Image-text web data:

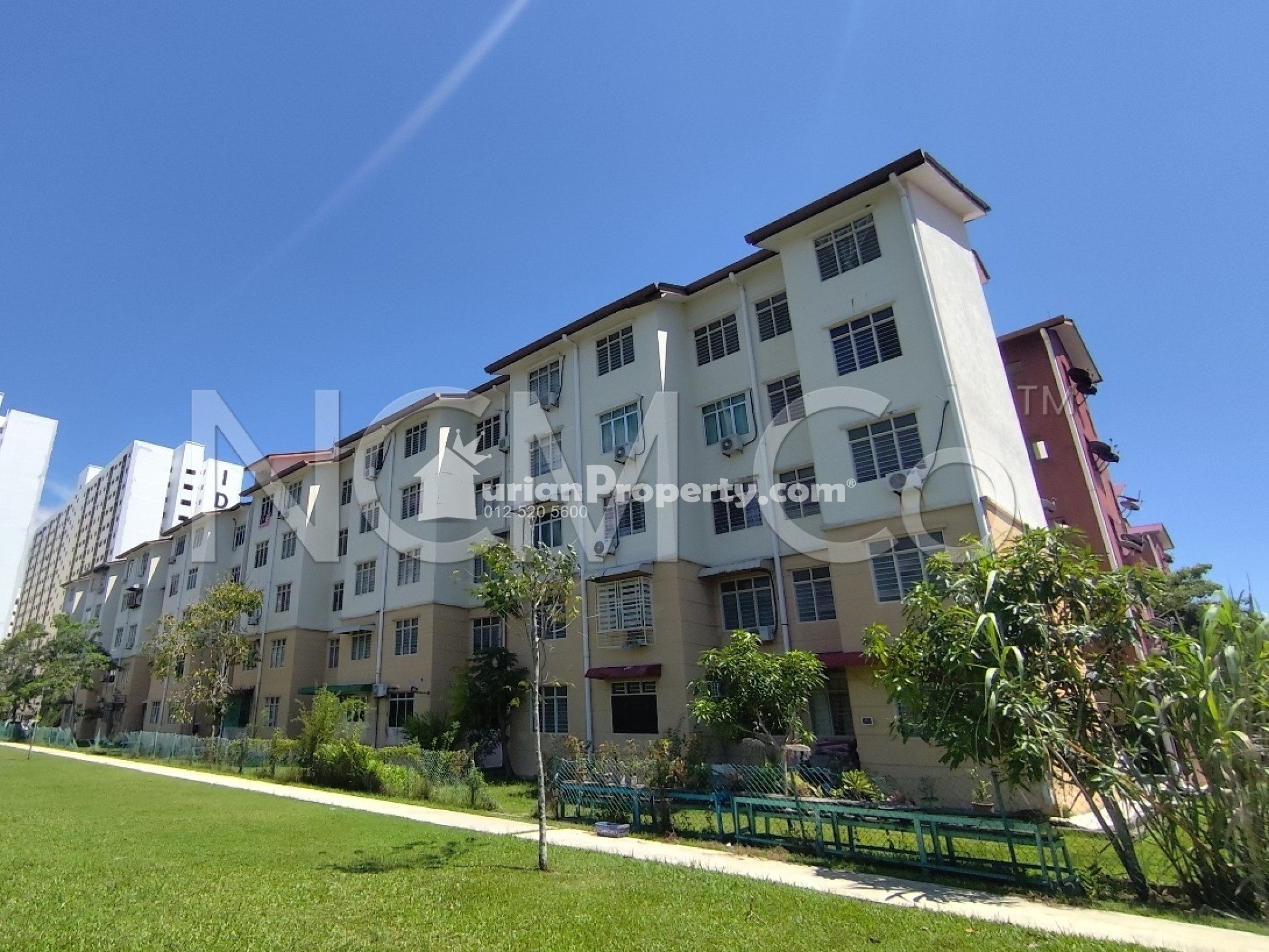 Flat For Auction at Prestige III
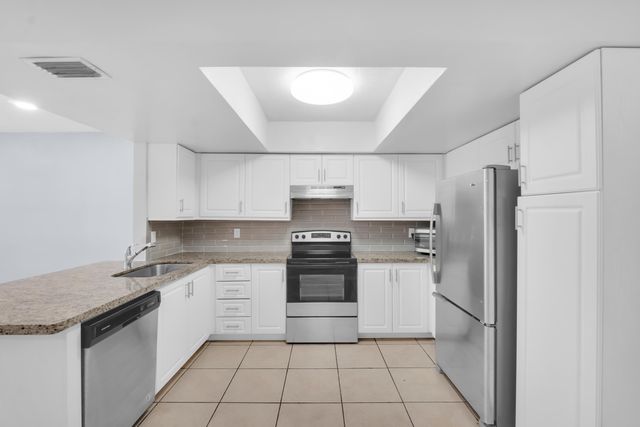 7106 NW 80th Avenue, Tamarac, FL 33321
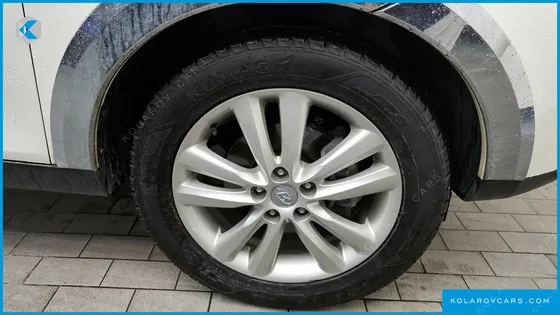 HYUNDAI TUCSON DIESEL 2WD LX20
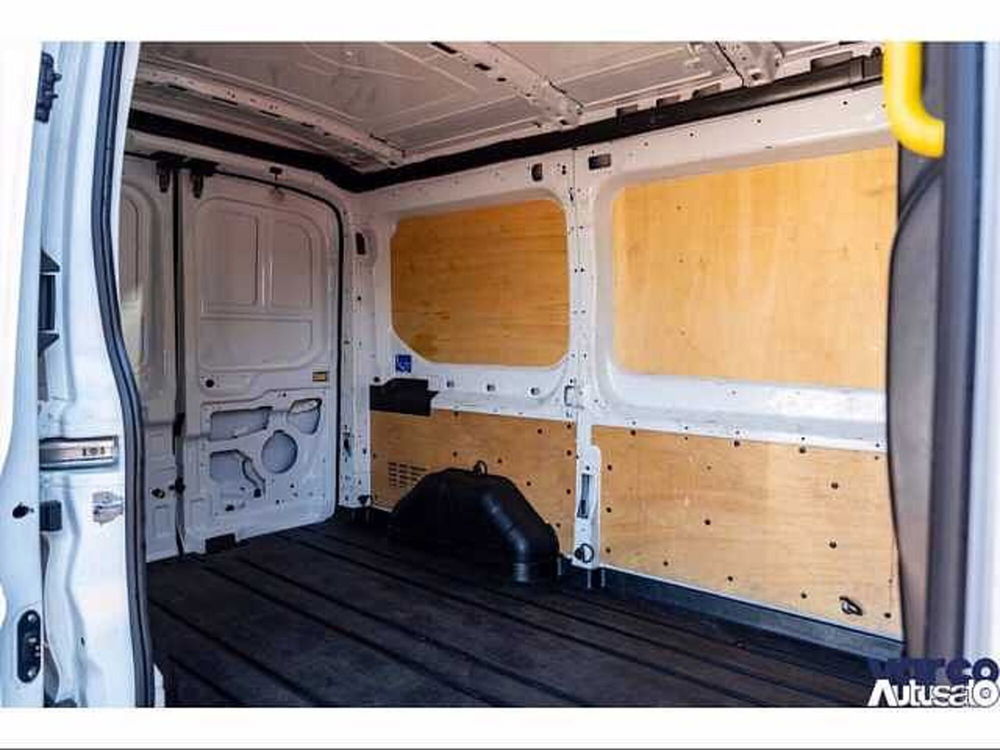 Ford Transit Custom Furgone usata a Milano (16)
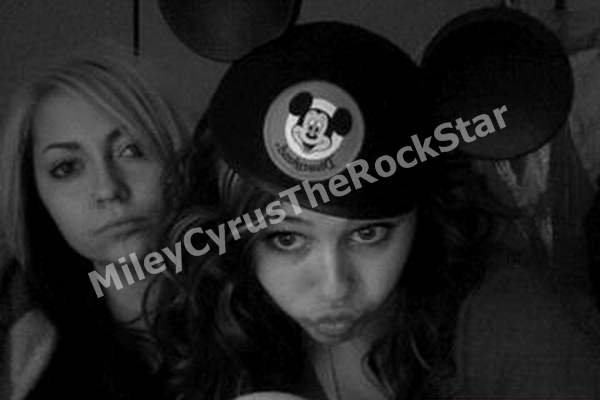 MileyCyrusTheRockStar30 - Poze super rare
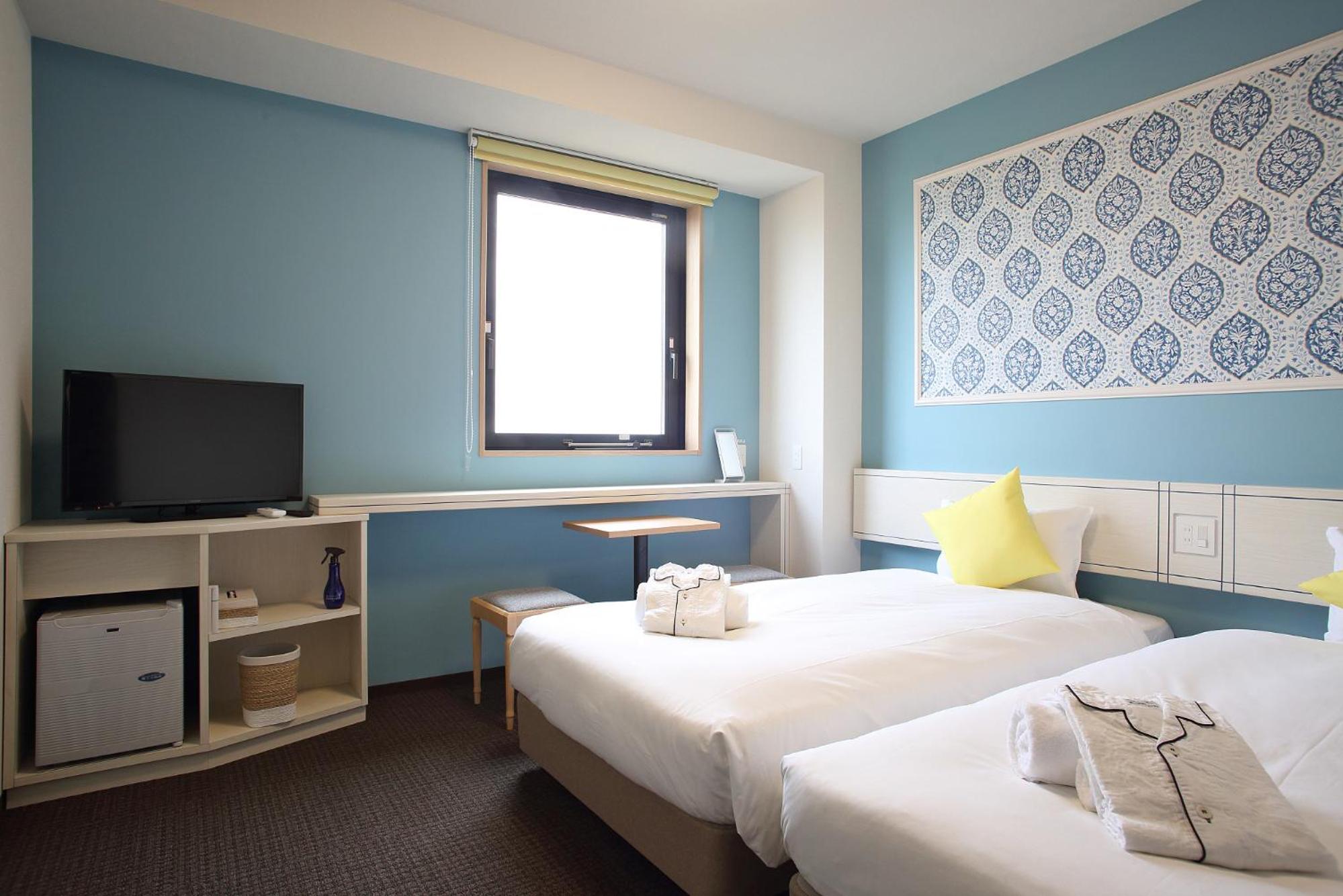 Standard Twin Room - Photo 1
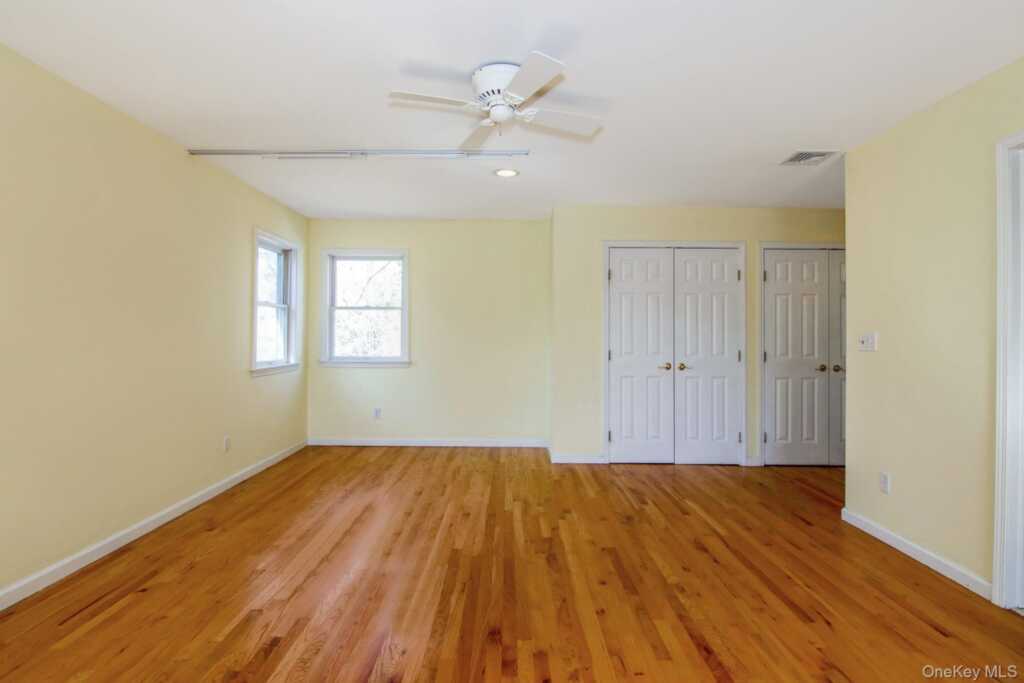 4 Manor Place, White Plains, NY 10605 - Photo 20 of 32
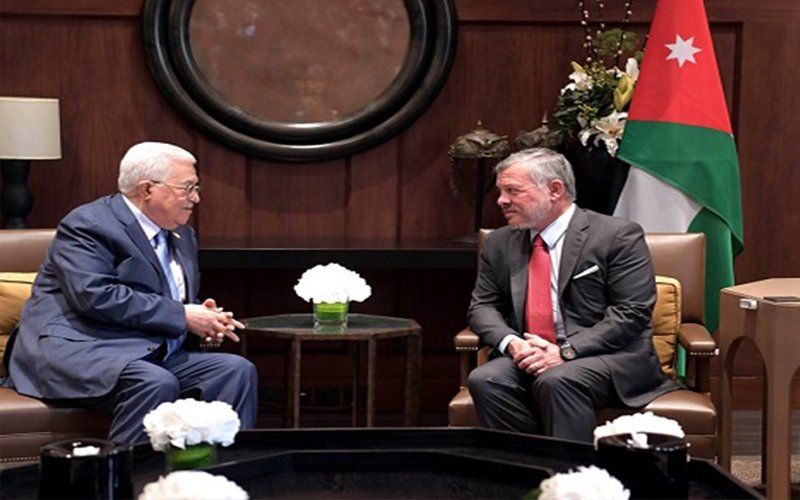 الملك والرئيس الفلسطيني يبحثان تطورات القضية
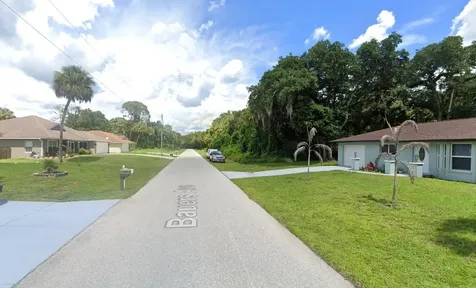16459 Bauers Avenue Port Charlotte FL 33954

◆ What to produce
Your copy must match the records above word for word and contain no pictures.

◆ Task answer
 Flat For Auction at Prestige III
 7106 NW 80th Avenue, Tamarac, FL 33321
 HYUNDAI TUCSON DIESEL 2WD LX20
 Ford Transit Custom Furgone usata a Milano (16)
 MileyCyrusTheRockStar30 - Poze super rare
 Standard Twin Room - Photo 1
 4 Manor Place, White Plains, NY 10605 - Photo 20 of 32
 الملك والرئيس الفلسطيني يبحثان تطورات القضية
16459 Bauers Avenue Port Charlotte FL 33954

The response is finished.